Start-ups need to stop searching for successful entrepreneurs but speak to failed ones…like me!


It’s pretty startling the disproportionate coverage that successful entrepreneurs receive because the advice they offer is very rarely helpful. It often consists of general business tips that lack the specificity which I know we so desperately needed when setting up Lashbrook Lassis.

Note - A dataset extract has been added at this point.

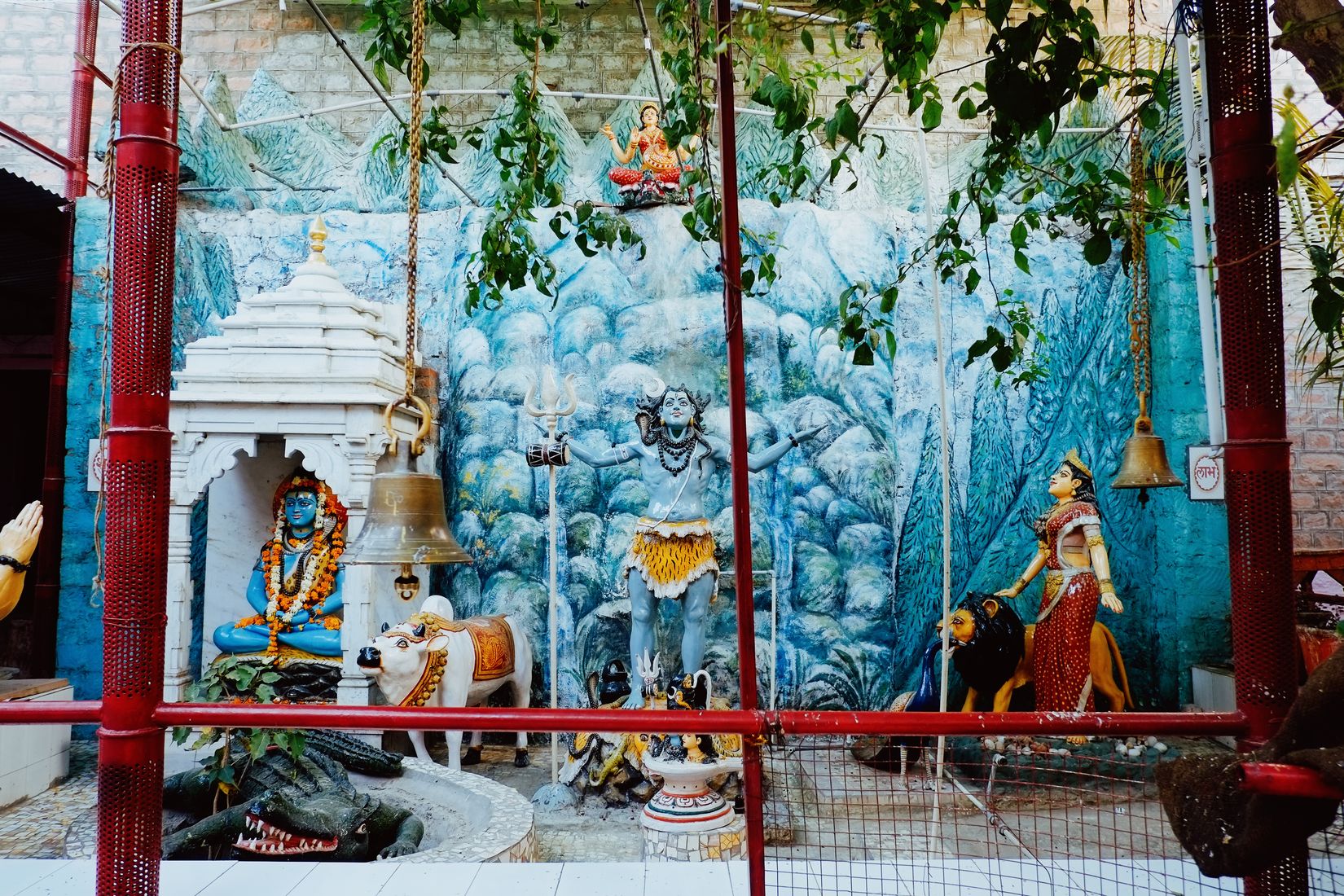 A painted shrine behind red railings — Shiva on a blue mountain with a bull, a bell hanging in front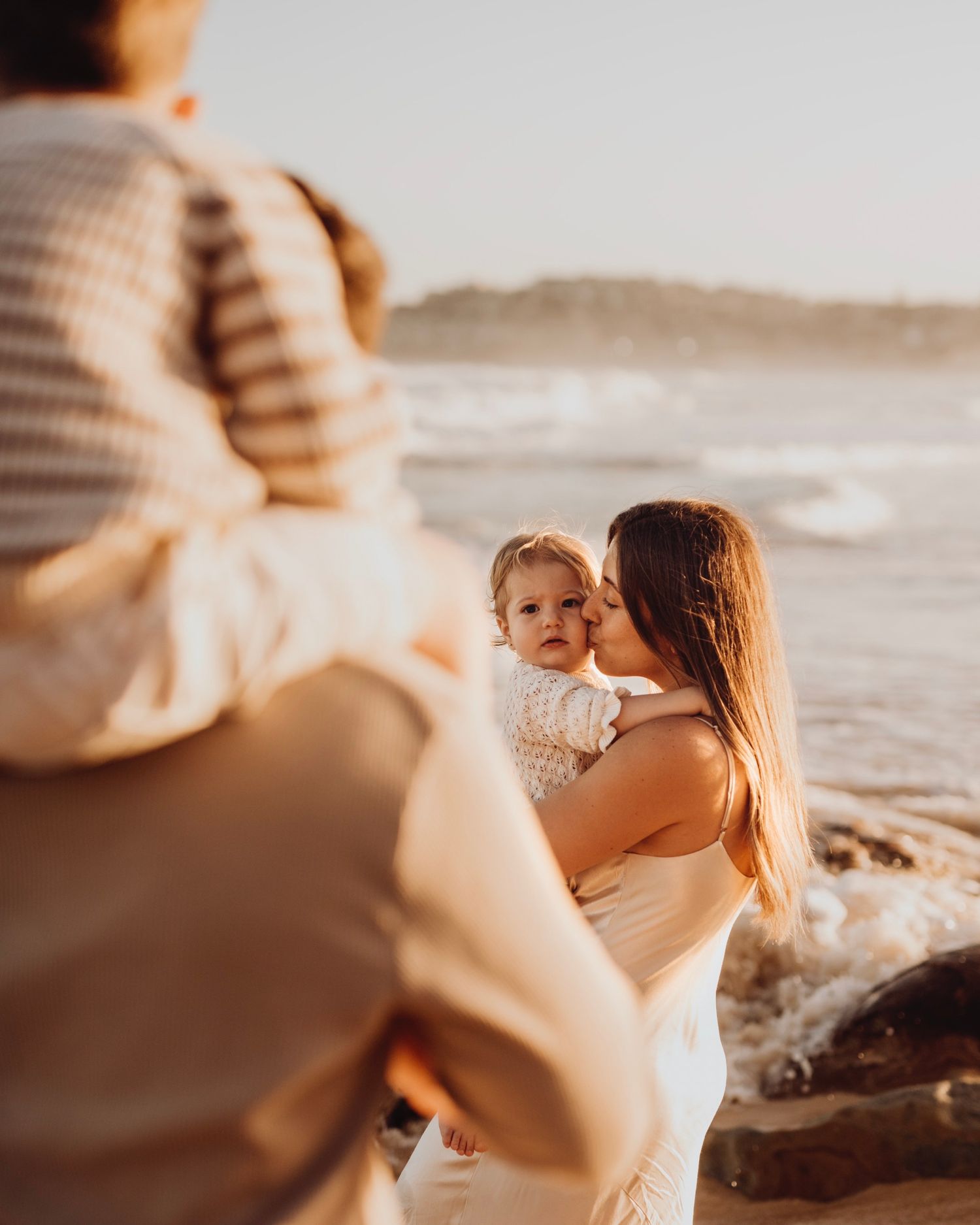 Northern Beaches family photography of mother holding child while father carries another on shoulders by the ocean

At the same time most people, and even start-ups themselves, can rarely name more than half a dozen failed businesses. The lessons though that can be learnt from such people involved in failed businesses is indispensable. A friend once said to me, “most people learn from others, though the wisest learn from those who fall in front of them”. Admittedly, he told me this recently (2 years after walking away from Lashbrook Lassis) but it struck a chord nevertheless. What I would’ve done to have met someone who had had £30,000 and set up a chilled-drinks business – even if they had failed, their experiences and cautionary tales would have been hugely illuminating.

Within every democracy, it is generally accepted that decisions supported by most people are considered the best. At the moment, we are not listening to the experiences of most start-ups – the ones that fail. They are the ones which can offer the best insight for small businesses. I am not a fan of the latest trend within popular culture to disparage any “expert” and disregard their advice. However, there is a huge loss of advice when we do not consider the views of failed start-ups.

There is a reason why Google and Facebook spend eye watering amounts on harvesting the personal data of those using their services. They believe that such information helps them build more bespoke and quality services in the future. Currently though, we suffer the scourge of the general business tips from a few successful entrepreneurs – a situation which has left us with a dearth of understanding for budding entrepreneurs who are looking to start their own business.